I build on some thoughts of Anna Carlson regarding hierarchical versus networked learning in business, and how fear can affect organizational learning:

Stowe Boyd, Social learning accelerates innovation faster than innovation processes

I maintain that fear is perhaps the biggest barrier to innovation, creativity, and resilience in organizations, so the first point to draw from Carlson’s piece that work to reduce the culture of fear that exists in so many organizations.

Anna goes on:

Societally and in the media we celebrate the beauty of youth, we see this as being fresh, open, malleable, exciting and open to opportunity. Whereas old age is seen as stale, stuck in our ways. What if we adopted a youthful, open, curious mind in business?

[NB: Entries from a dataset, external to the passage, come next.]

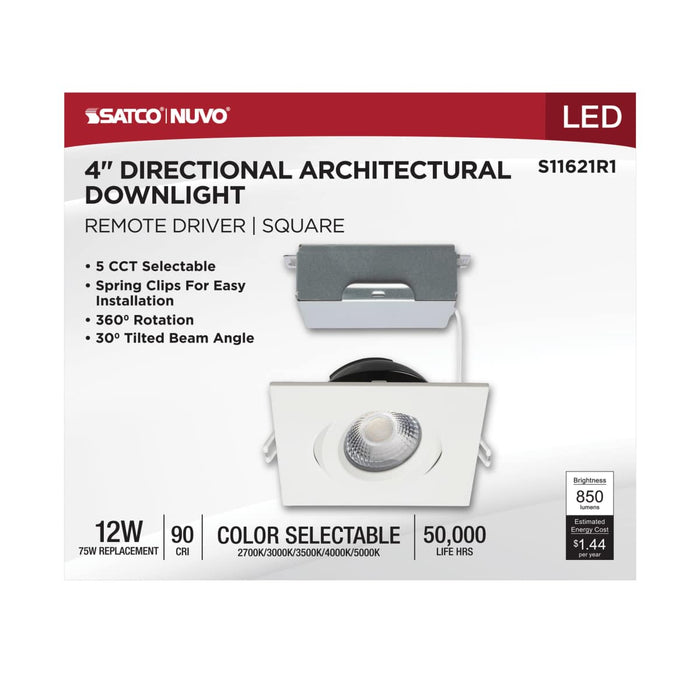 Remote Driver LED Downlight Satco S11621R1 12 Watt LED Direct Wire Downlight - Gimbaled - 4 Inch - CCT Selectable - Square - Remote Driver - White Finish - 850 Lumens - 120 Volt Satco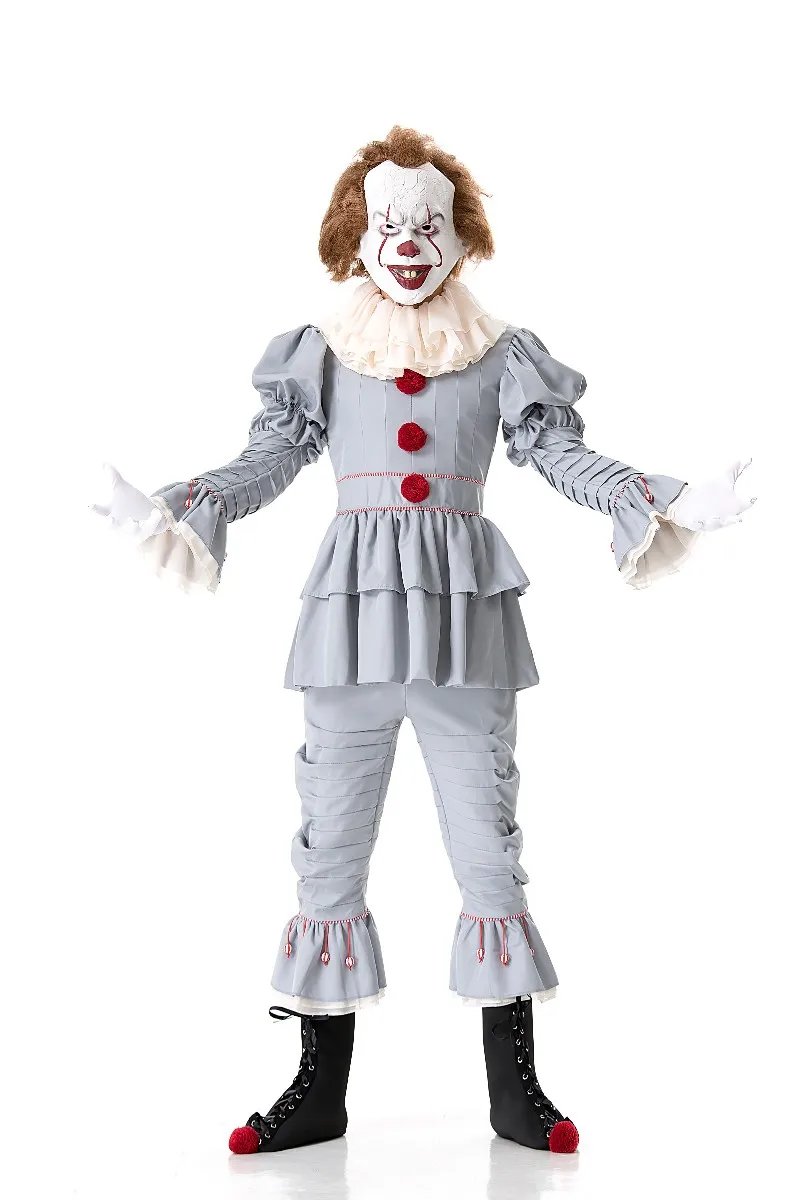 Costume de clown d'Halloween pour hommes, mascotte Tim ade Joker, olympiques de cosplay, style d'horreur LYus, vêtements de performance de fête drôles, ensemble de 5 pièces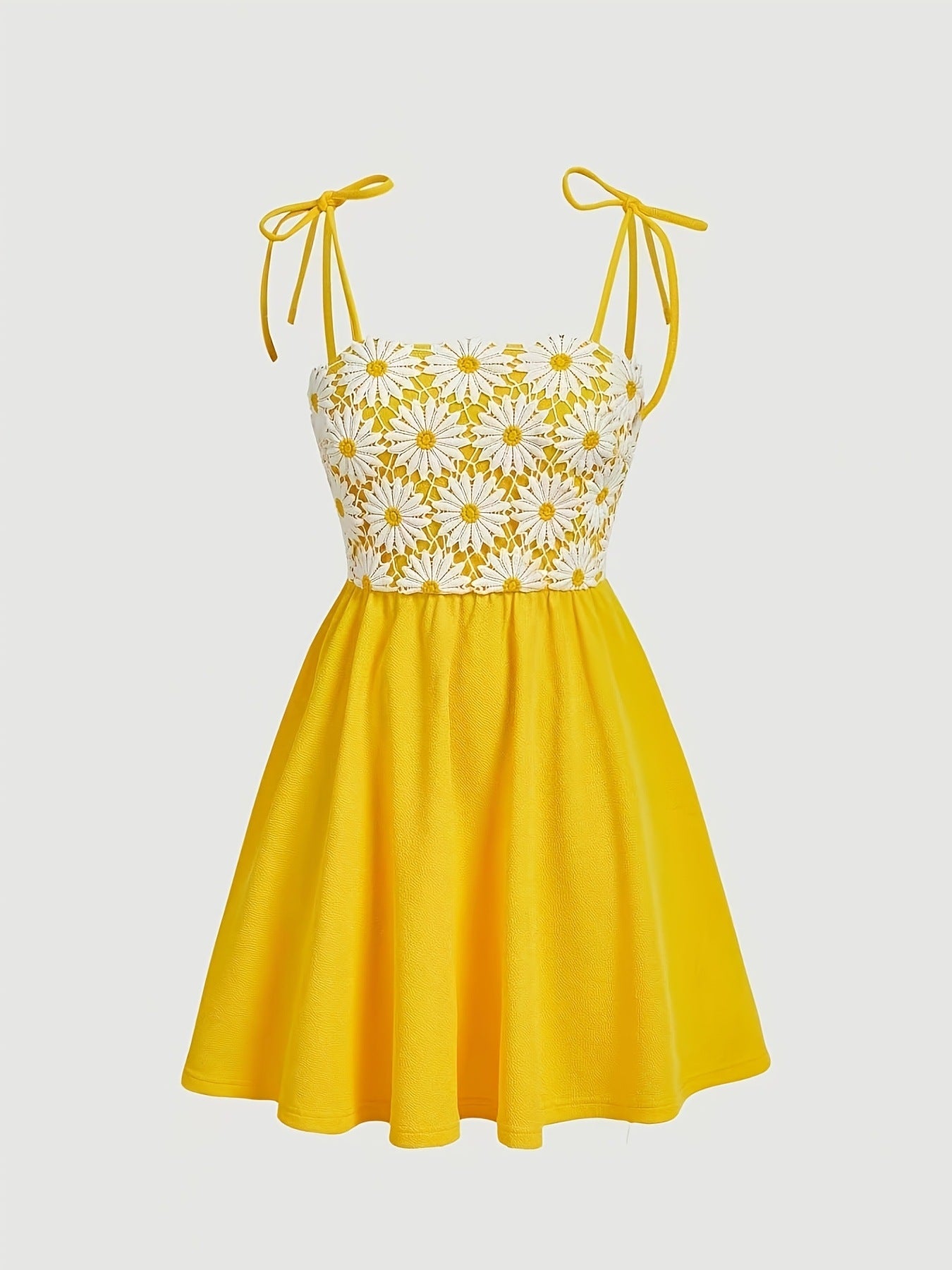 Women's Yellow Sundress with Daisy Embroidery – A-Line Sleeveless Summer Dress for Vacation, Casual Wear and Beach Outfits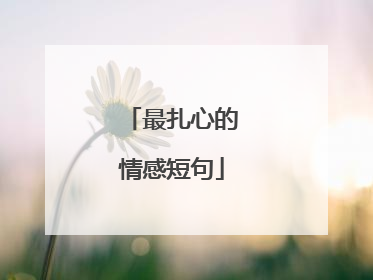 最扎心的情感短句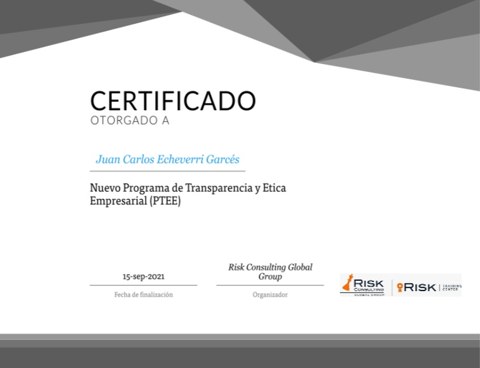 Nuevo Programa de Transparencia y Ética Empresarial — PTEE — Juan Carlos Echeverri Garcés
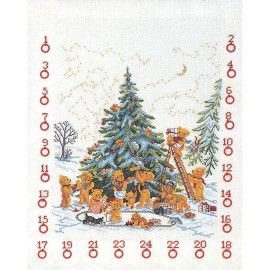 Teddy Tree Advent Calendar Counted Cross Stitch Kit by Permin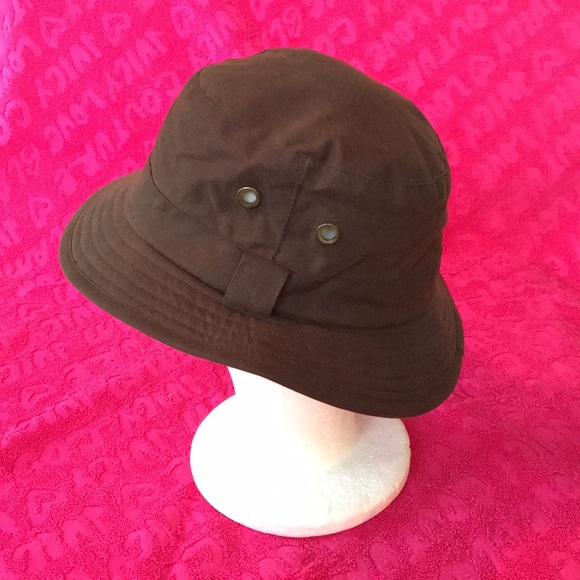 Henschel Hat Co 💯 cotton oil cloth all weather bucket hat rain cap vented USA - Picture 5 of 15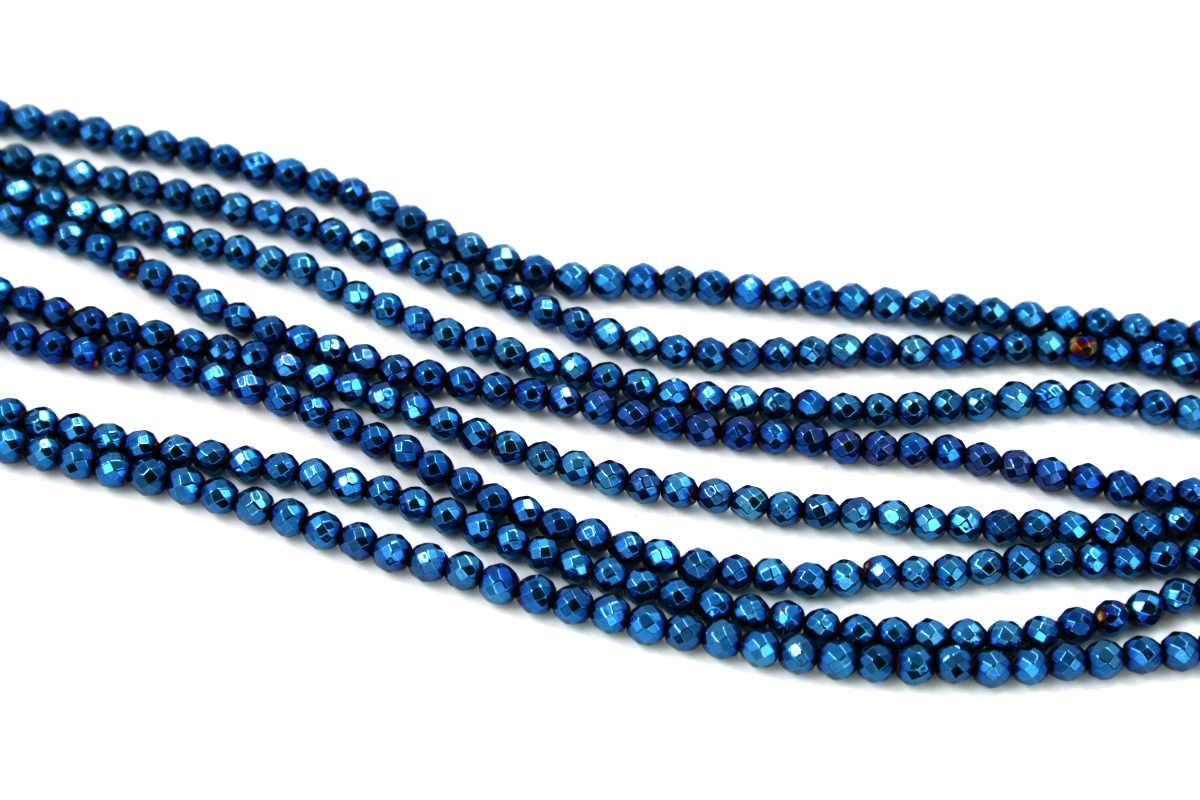 Ematite fili round sfaccettati 4mm blu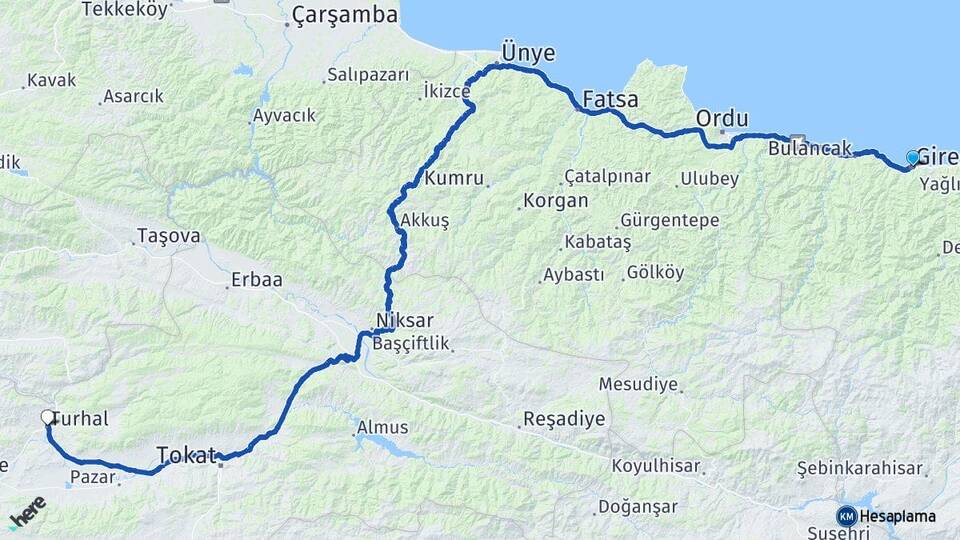 Giresun Turhal Tokat Arası Kaç Km - Yol Haritası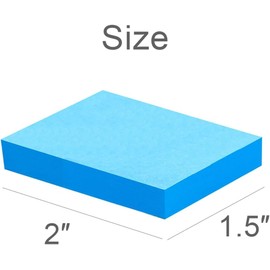 Sticky Notes 1.5x2 inch Bright Colors Self-Stick Pads 24 Pads/Pack 100 Sheets/Pad Total 2400 Sheets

I am reminded of one of the most powerful influences on my thinking, which is the masterpiece of Zen literature, Zen Mind, Beginner’s Mind by Shunryu Suzuki, which opens in this way:

In the beginner’s mind there are many possibilities, but in the expert’s there are few.

So, to paraphrase, we need to devise a learning culture based on the premise that we are always beginning, never finished. Each of us is constantly developing new observations, new premises, concocting new explanations for what is going on. And our business culture needs to support that, and not suppress the curiosity that animates beginner’s mind.